» **Your task**: Type out the lines below exactly, from the first through the line holding "Painting class set", and include no pictures.

» **Data records**:
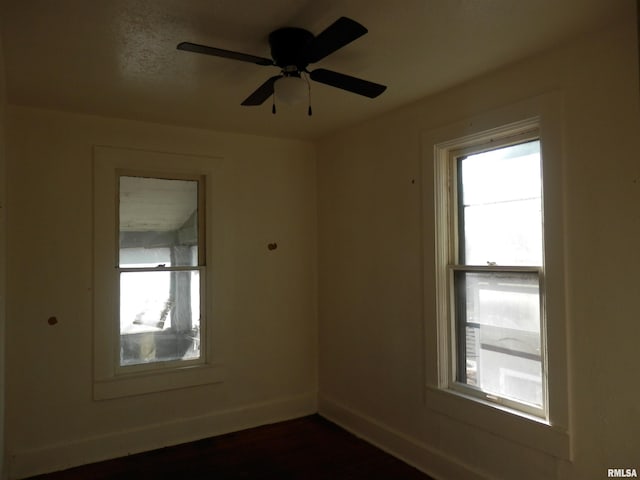 unfurnished room with baseboards and ceiling fan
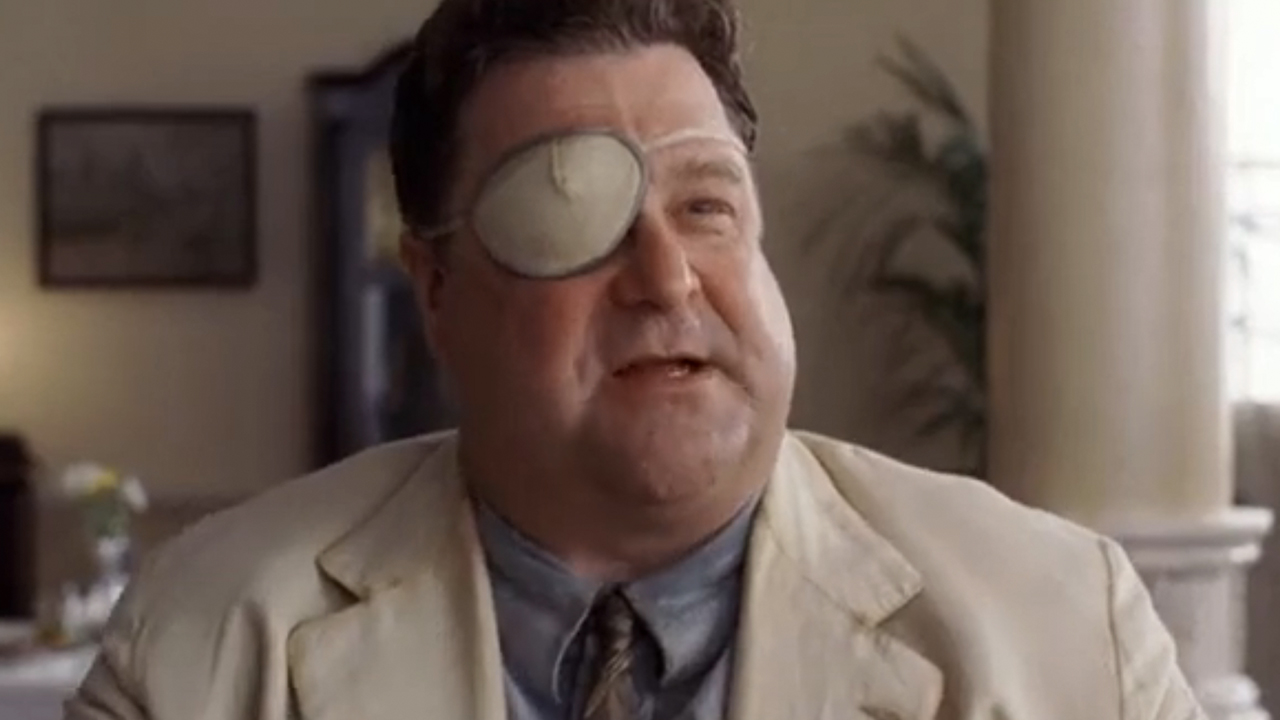 John Goodman wearing an eye patch and a suit in O Brother Where Art Thou?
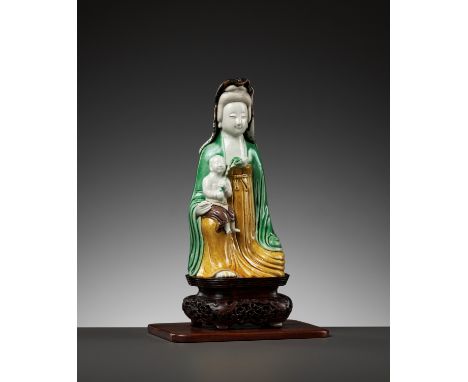 A BISCUIT PORCELAIN FIGURE OF GUANYIN WITH CHILD, KANGXI PERIODChina, 1662-1722. The goddess of mercy modeled seated at ease 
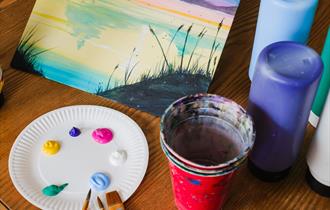 Painting class set up on a table including a tabletop easel with a finished landscape painting on canvas with red cup with paintbrushes neatly scatter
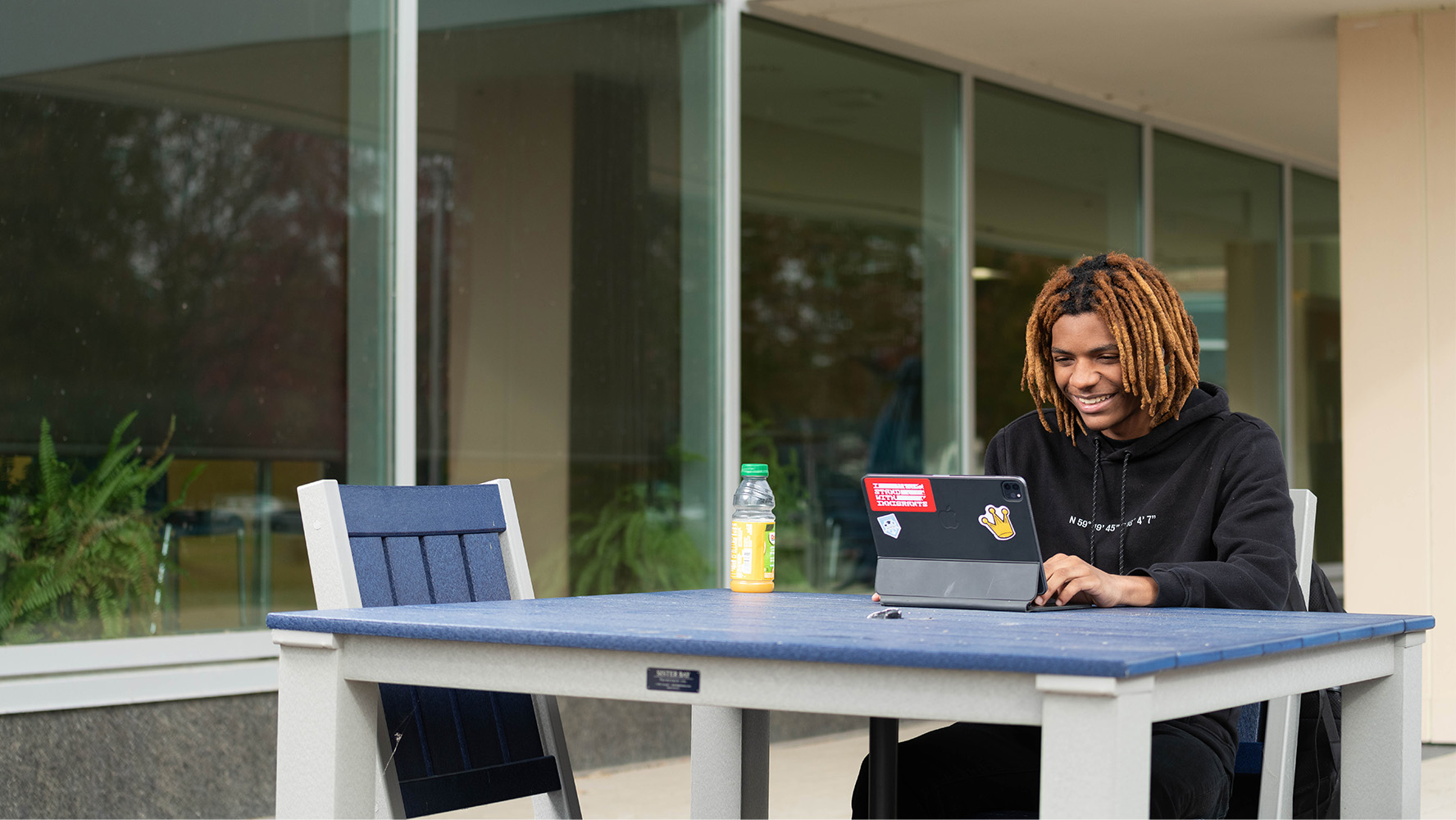 Student studying outdoors on a laptop at a campus table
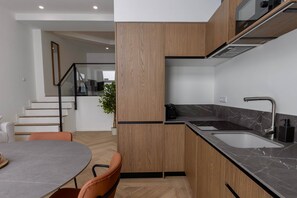 Une cuisine moderne avec des meubles en bois, un plan de travail noir et un évier.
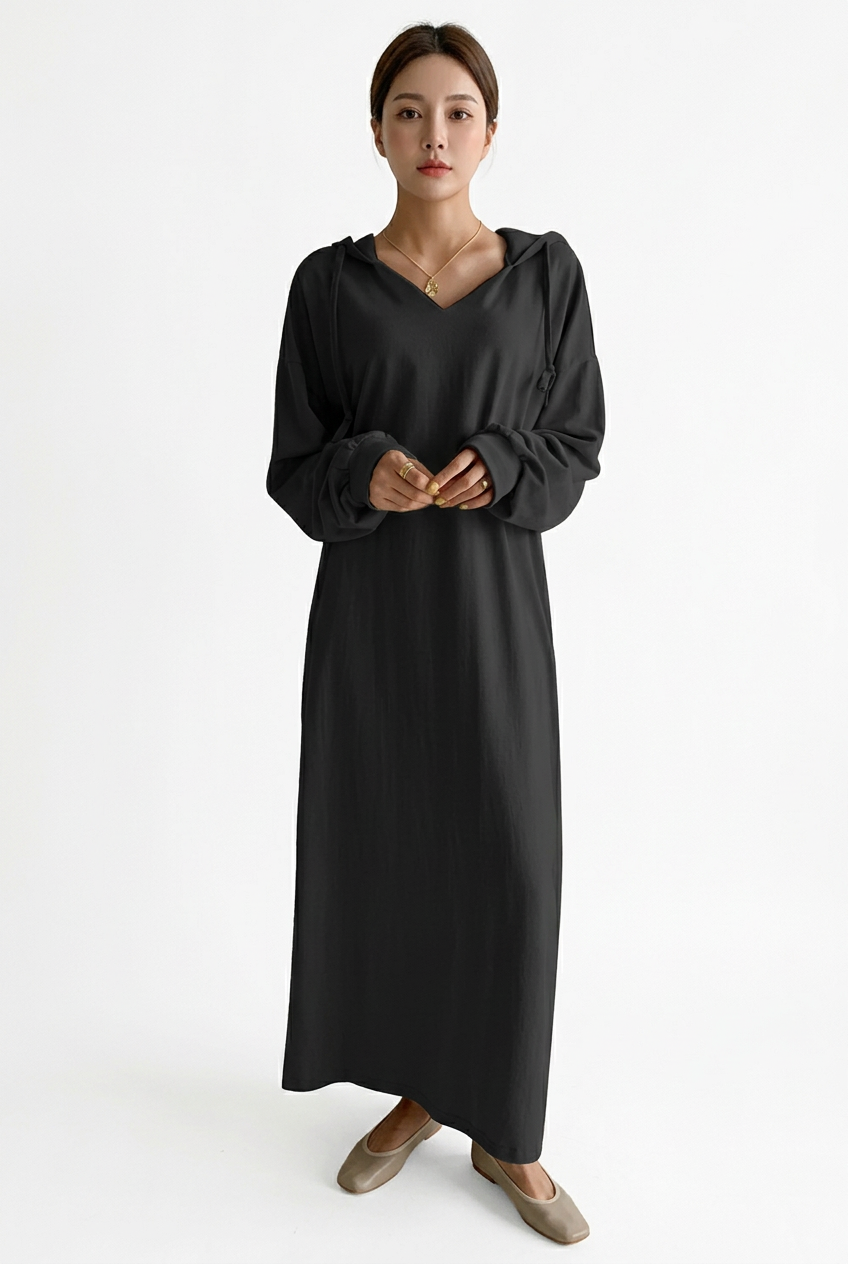 Full-body front view of a black hooded V-neck maxi sweater dress with long sleeves on a white background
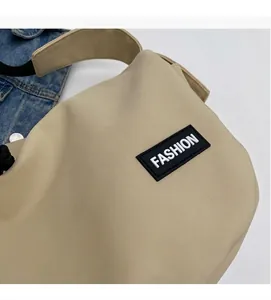 Detail of khaki nylon crossbody bag with fashion label next to a blue denim jacket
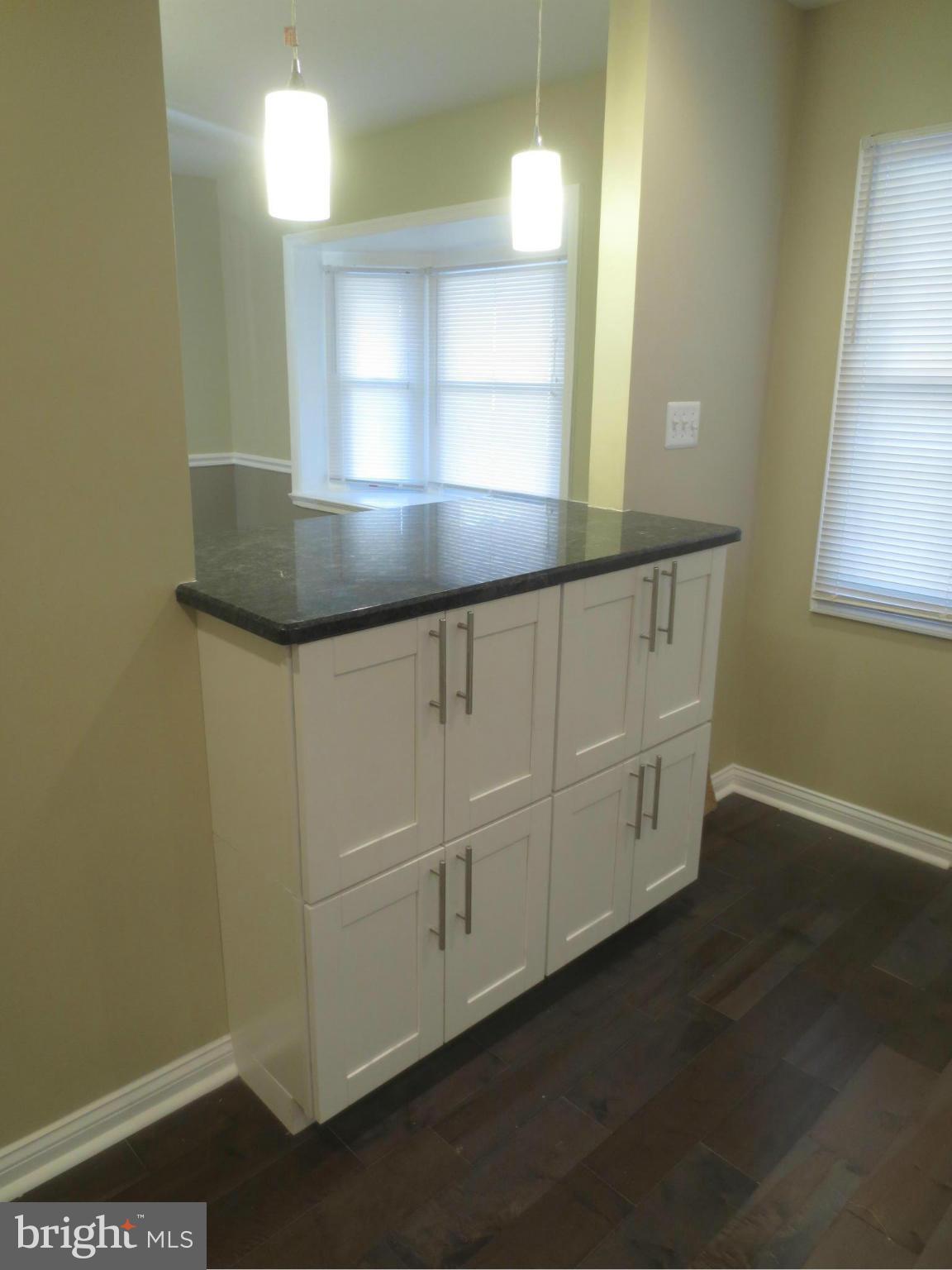 1724 Hartsdale Road Baltimore, MD 21239 - Photo 8 of 30 Granite Breakfast Bar with Cabinets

» **Your solution**:
 unfurnished room with baseboards and ceiling fan
 John Goodman wearing an eye patch and a suit in O Brother Where Art Thou?
 A BISCUIT PORCELAIN FIGURE OF GUANYIN WITH CHILD, KANGXI PERIODChina, 1662-1722. The goddess of mercy modeled seated at ease 
 Painting class set up on a table including a tabletop easel with a finished landscape painting on canvas with red cup with paintbrushes neatly scatter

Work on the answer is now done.